Unfortunately for Wisconsin Employers, It’s the Democratic Governor of Louisiana
[Waukesha County, Wisc….] Common Sense Wisconsin is calling on Governor Tony Evers to join his fellow Democratic Governor, Louisiana’s John Bel Edwards, and end the state’s enhanced unemployment bonus. Employers across Wisconsin have indicated the extra benefits have worsened the labor shortage here.
“This isn’t a partisan issue, it’s just common sense,” said Executive Director Joe Handrick, a former administrator of Wisconsin’s Unemployment Insurance program. “The quarantine emergency is over, but the $300-a-week unemployment boost has created a new emergency. The Legislature passed a bill to end the extra $300 weekly payment, and the Governor should sign it.”
This isn’t Evers’ first Unemployment disaster. It has been well documented how many Wisconsinites were harmed by the inability of the Governor to pay unemployment benefits in a timely fashion in 2020. Hundreds of thousands of newly-unemployed citizens had trouble even accessing the UI system and waited months to learn if their claim was accepted. The wait times on the phone were astronomical. The Governor ultimately had to fire his Workforce Development Secretary for his inability to resolve this issue. Now, in 2021, the Governor is harming the integrity of the UI program in a different manner altogether.

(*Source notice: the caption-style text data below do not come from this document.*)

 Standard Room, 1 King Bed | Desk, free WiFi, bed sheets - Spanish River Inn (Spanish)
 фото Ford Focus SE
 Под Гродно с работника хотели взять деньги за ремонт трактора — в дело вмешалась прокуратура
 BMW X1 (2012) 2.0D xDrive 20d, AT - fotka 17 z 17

“The UI weekly payment now works out to be just shy of $35,000 per year,” said Handrick. “That’s just nuts…For many workers, unemployment now pays more than a job, and that’s part of the reason why every city, village and town in the state is littered with help wanted signs.”

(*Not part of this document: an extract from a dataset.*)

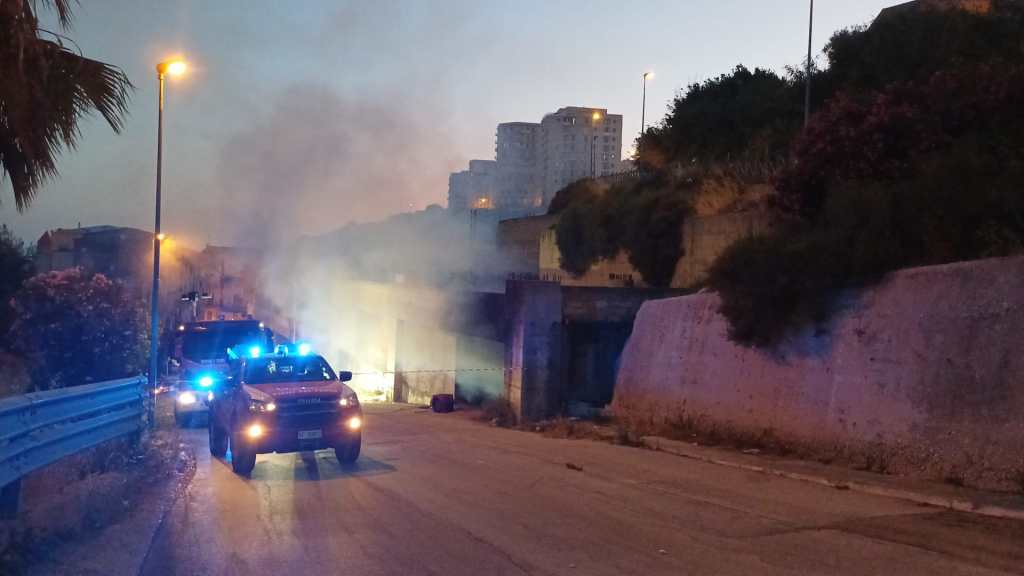 Al momento stai visualizzando Incendio al parcheggio pluripiano di Porto Empedocle, intervengono i Vigili del fuoco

Evers said he’s leaning toward vetoing the bill, because he’s not seen any proof that people are accepting benefits instead of joining the workforce. Handrick said he would like to show the Governor proof by inviting him to breakfast at Paul Bunyans in Handrick’s home town of Minocqua, but he can’t because the famous cook shanty is closed for the summer — cannot find enough help.
“He’s isolated in a bubble, or perhaps ignoring what everyone else sees,” said Handrick. “Governor Evers has upset the very delicate balance between security and incentive that has made UI one of the most successful programs in the history of Wisconsin.”
Until 2020, the UI payment structure always rewarded work – period. If a person lost their job and was collecting benefits, they would never be punished for earning some money while seeking permanent employment. Reductions in benefits were carefully crafted to reward the worker for working — even if it were temporary or part-time.
“Unemployment was never meant to be a welfare program — it was an insurance program that gave temporary assistance to those who lost their job through no fault of their own,” said Handrick “The Governor apparently doesn’t understand that the UI program never sought to be a permanent replacement for work.”